SAN FRANCISCO (AP) — Here is the latest news on the exclusive AP report on Gov. Jerry Brown's use of state workers to research oil and gas potential at his family ranch. (All times local.)
California Gov. Jerry Brown's office says he was interested in the geology of his family ranch when he asked state oil regulators to research and map the makeup and drilling history of the land.
Brown spokesman Gareth Lacy said Thursday that the governor was not seeking information for oil and gas drilling when Brown asked the state's oil and gas agency to evaluate Brown's personal property near the town of Williams.

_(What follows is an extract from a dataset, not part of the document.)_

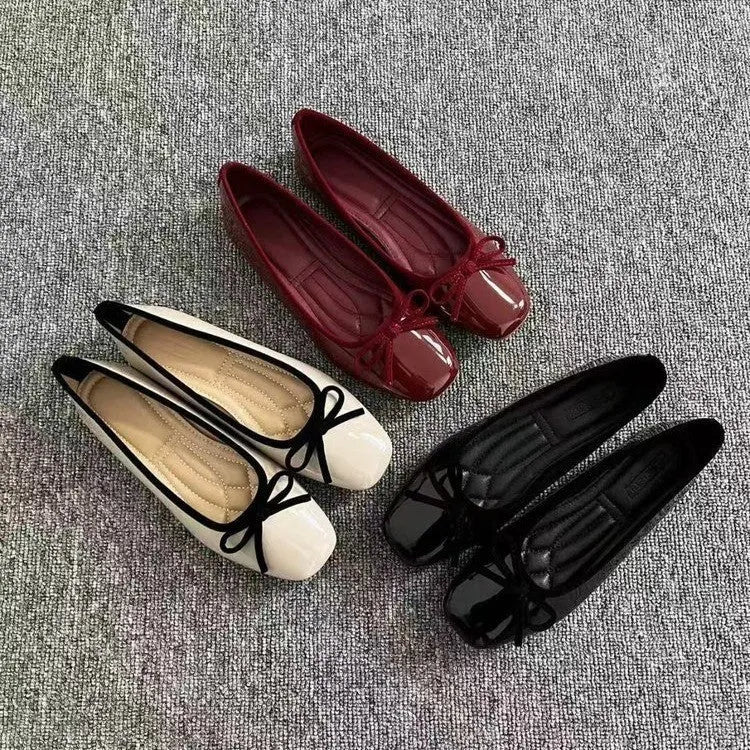 Pair of black patent leather Mary Jane flats with low heel and round toe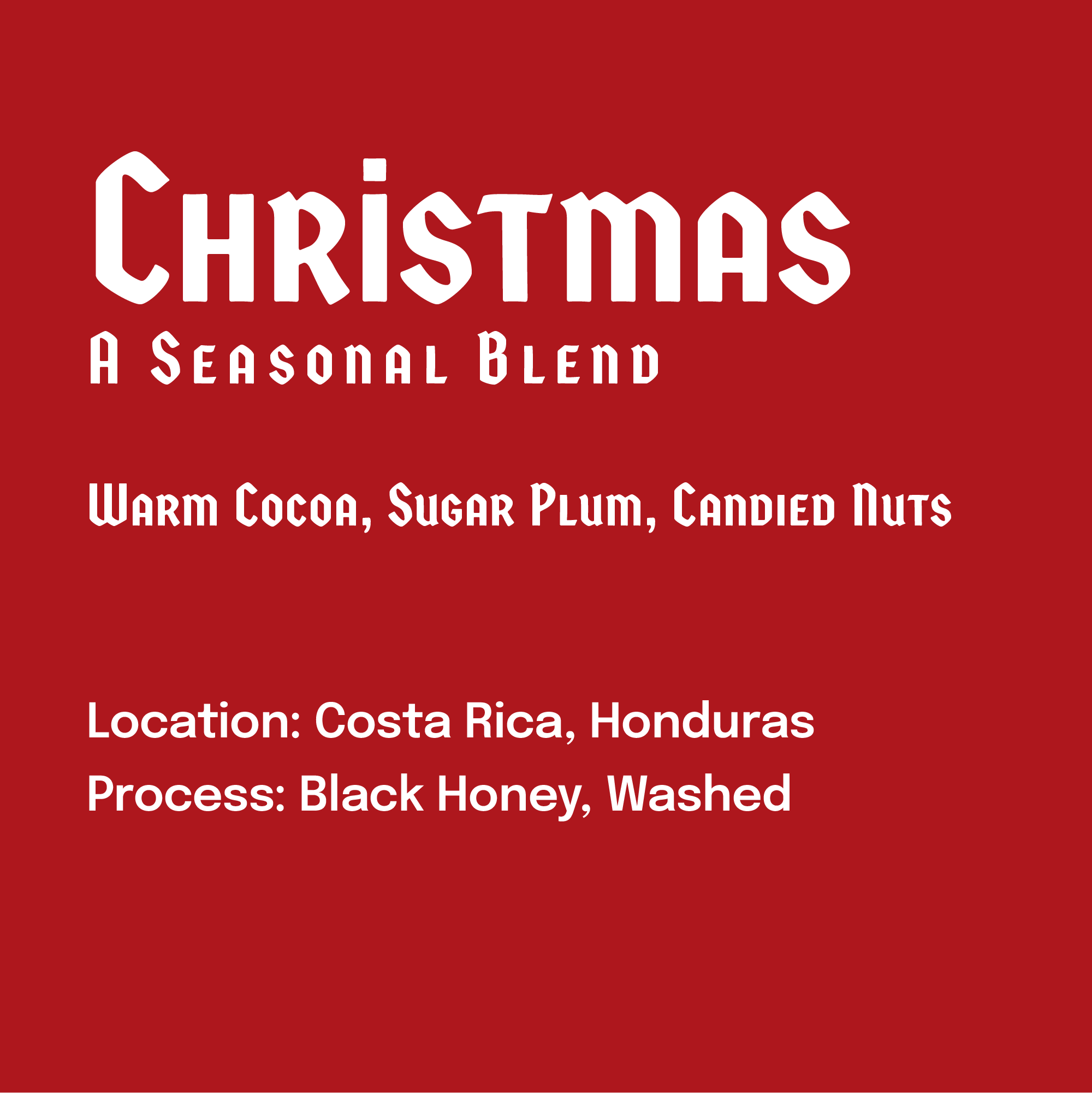 Red label with white text describing a coffee blend for Christmas, featuring tasting notes and origins.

Lacy was responding to a report by The Associated Press that describes Brown directing state oil workers in a request that generated 51 pages of research, evaluation and mapping focused on the ranch.
State records obtained by the AP describe Brown asking state workers to assess the area's "potential for future oil and gas activity."
State workers also prepared a map at the governor's request, labeled "oil and gas potential," that showed the oil and gas drilling history and geology of the area.
2:15 p.m. Thursday
An environmental group is accusing California Gov. Jerry Brown of using state workers as his "own private oil prospecting team."
The Center for Biological Diversity made the claim Thursday in response to a report by The Associated Press.
The AP reported earlier that Brown had directed senior state regulators to determine if there was oil, gas or minerals at his family ranch near Williams.
State oil regulators maintain Brown's use of state workers for his private request is legal.
Staff attorney Hollin Kretzmann of the Center for Biological Diversity noted that the same regulators have acknowledged falling short on enforcing federal laws to prevent oilfield contamination.
Kretzmann calls Brown's use of the state regulators outrageous.
10:15 p.m. Wednesday
Gov. Jerry Brown had state oil and gas regulators investigate the oil and gas drilling potential of his family land in Northern California.
State records obtained by The Associated Press through open-records laws show that Brown and his aides last year directed state employees in preparing a 51-page geological and drilling report and satellite and geological map at the Brown family ranch near the town of Williams.
California law bars elected officials from using public resources for personal purposes. California's Oil, Gas and Geothermal Resources Division says the work it did on Brown's ranch drew on public records and insists it was legal. But state oil industry professionals say they cannot recall seeing state oil and gas regulators assess and map anyone's personal property like that before.